[U-Boot] [PATCH 1/2] mtd: vf610_nfc: mark page as dirty on block erase

Stefan Agner stefan at agner.ch
Tue Mar 31 00:24:49 CEST 2015


On 2015-03-31 00:15, Scott Wood wrote:
> On Mon, 2015-03-30 at 23:26 +0200, Stefan Agner wrote:
>> On 2015-03-30 22:48, Scott Wood wrote:
>> > What is special about this controller, that caching makes sense here but
>> > not on other controllers?  If it makes sense everywhere, then the upper
>> > layer is the place to do it.
>> >
>>
>> Well, its not a caching which could be handled by upper layers: The NFC
>> reads the data into SRAM, where it gets hardware ECC checked. After
>> that, the hardware would be capable of copy the data into main memory
>> using DMA, however, the driver currently is not using this
>> functionality. Instead, we use memcpy, and copy only the data which are
>> requested.
> 
> The upper layer could choose to read the whole page at once.
> 
>> >> However, in order to avoid a full page getting allocated and memcpy'ed
>> >> when only writing a part of a page, we actually could re-enable that
>> >> feature. But I'm not sure about the semantics of a subpage writes: Does
>> >> the stack makes sure that the rest of the bytes are in the cache (e.g.
>> >> read before write)? From what I understand, a subpage write would only
>> >> copy (via vf610_nfc_write_buf) the data required into the the page
>> >> cache, which then gets written to the device. Who makes sure that the
>> >> rest of the page contains sound data?
>> >
>> > If the rest of the page is all 0xff it shouldn't affect the existing
>> > data -- as long as the controller isn't writing some non-0xff ECC bytes
>> > as a result.
>> >
>> > It's moot if subpage writes are disabled, though.
>> >
>>
>> Hm, and if its not 0xff? Is a sub page write valid in that case?
> 
> It's also OK if it matches what's already there.  Otherwise, it will
> corrupt.
> 
>> If a subpage write means that the rest of the page is 0xff, we could
>> also memset the whole SRAM 0xff and copy only the subpage data into the
>> buffer. We would still need to write the whole page, but only read parts
>> of it from main memory.
> 
> The generic NAND code already does this -- see the memset() in
> nand_do_write_ops().  In Linux we rely on this in the eLBC driver
> because it worked by accident and disabling subpages now would break UBI
> compatibility.
> 
>>  OTH, when we disable subpage write, and the stack prepares the whole
>> page, the page is probably still in the CPU cache anyway, and hence the
>> copy operation would be nearly as fast as memset/and partly memcpy....
>> Probably not worth the whole effort.
> 
> Especially since you'd be doing one write rather than four full-page
> "partial" writes.  Surely the bottleneck here is the NAND chip itself,
> not copying data to the buffer?
> 

Of course, if sub-page writes are supported, this would be faster. But
that is not the case (the controller has something called virtual pages
for pages over 2K, but I guess that qualifies not as sub-page write).

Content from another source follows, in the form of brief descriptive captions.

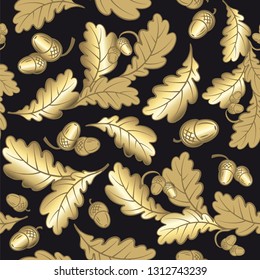 Vector seamless texture with brown Golden oak leaves and acorns on black background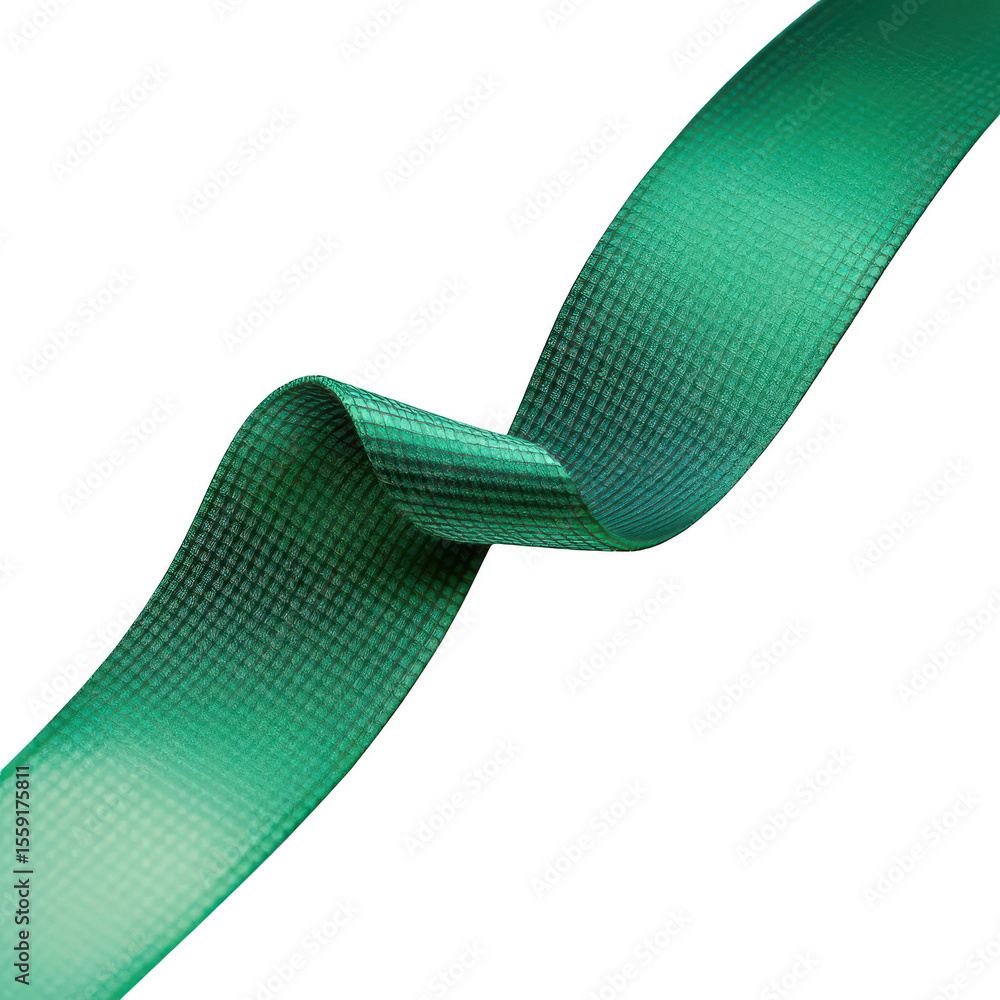 Poster emerald green ribbon swirl: a vibrant emerald green ribbon elegantly swirls, creating a dynamic and 
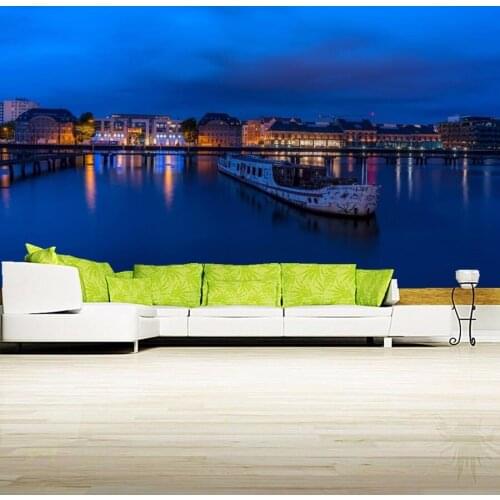 Custom 3d mural,Germany Berlin Houses Rivers Ships Sky Night wallpaper,restaurant living room sofa TV wall bedroom wallpaper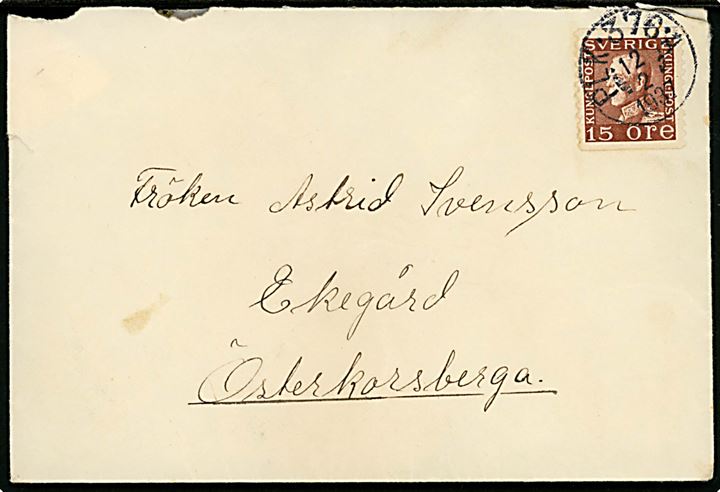 15 öre Gustaf på brev annulleret med bureaustempel PLK 376A (= Falköping - Nässjö) d. 12.2.1937 til Österkorsberga. 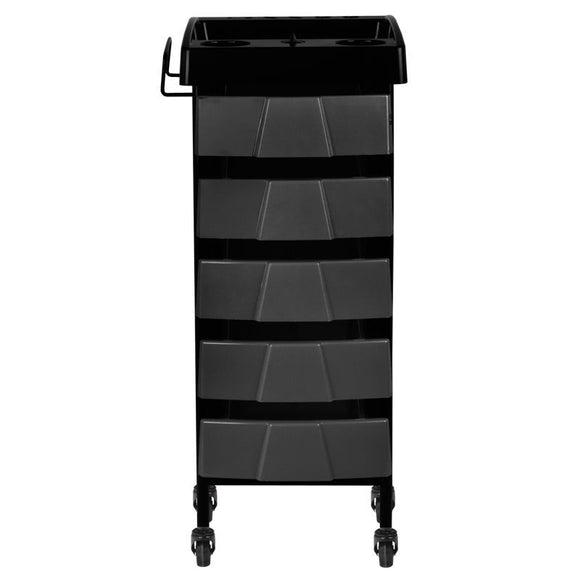 Gabbiano 008 Grooming Assistant – Black Trolley with Timer, 5 Drawers, Metal Handles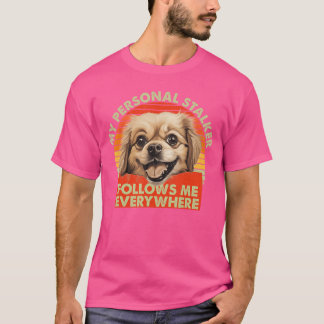 Funnyibetan Spaniel Dog Breed Owner Pet Follows Me Tシャツ
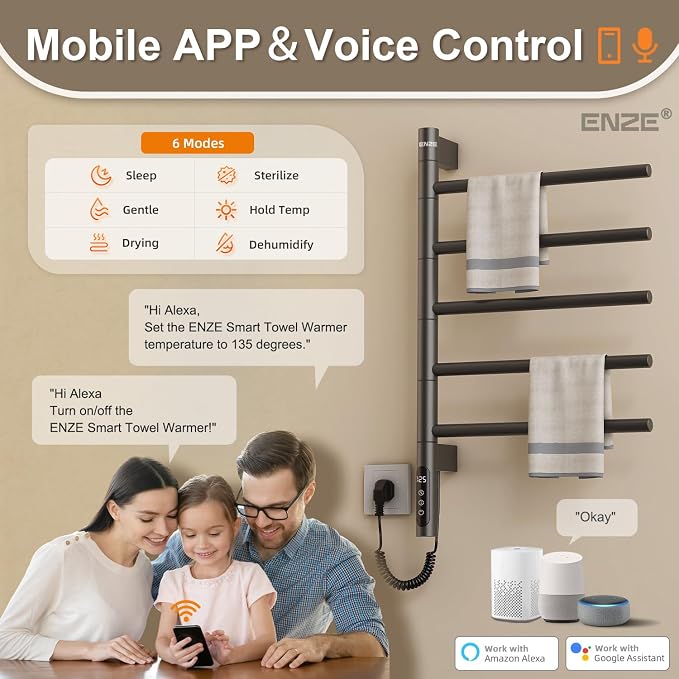 ENZE Smart Rotating Heated Towel Rack - Image 2
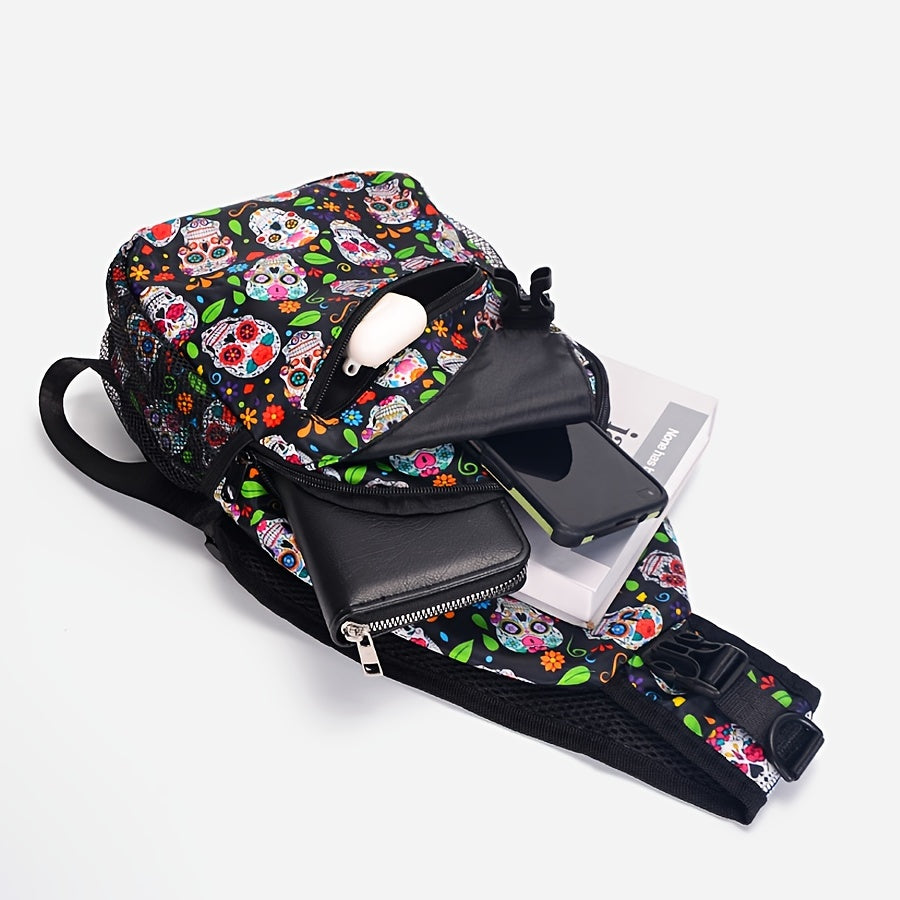 Skull Printed Chest Bag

Afaik, everything happens sequentially, so every operation is hurting
the overall performance.

>> >> I think it mainly makes sense when the higher layer reads OOB and then
>> >> the main data or visa-verse. I saw such access patterns at least in
>> >> U-Boot.
>> >
>> > Wouldn't it make more sense to not read a full page every time OOB is
>> > read?
>>
>> I think when ECC is enabled this is not possible. However, since OOB is
>> not ECC checked, we could also turn off ECC and read only the OOB.
>> However, I'm also not sure if that is supported by the controller, I
>> need to check that. If it both is not possible, I would argue that
>> remembering the page in SRAM is worth to effort to speed up page => OOB
>> or OOB => page access...
> 
> If the controller can't support reading OOB by itself, that would be an
> answer to "what is different about this controller"...  Though if
> caching is done to deal with that, it should be limited to only dealing
> with consecutive reads.  Don't cache writes.

Actually, I just realized that the driver is not caching writes.

     switch (command) {
     case NAND_CMD_PAGEPROG:
         nfc->page = -1;
+        vf610_nfc_transfer_size(nfc->regs, nfc->page_sz);
         vf610_nfc_send_commands(nfc->regs, NAND_CMD_SEQIN,
                     command, PROGRAM_PAGE_CMD_CODE);
         vf610_nfc_addr_cycle(mtd, column, page);
         break;

The nfc->page = -1 resets the page cache, so the next read triggers a
full page read.

I will check the performance consequences when disabling cache entirely,
and whether it would be possible to implement a OOB only read.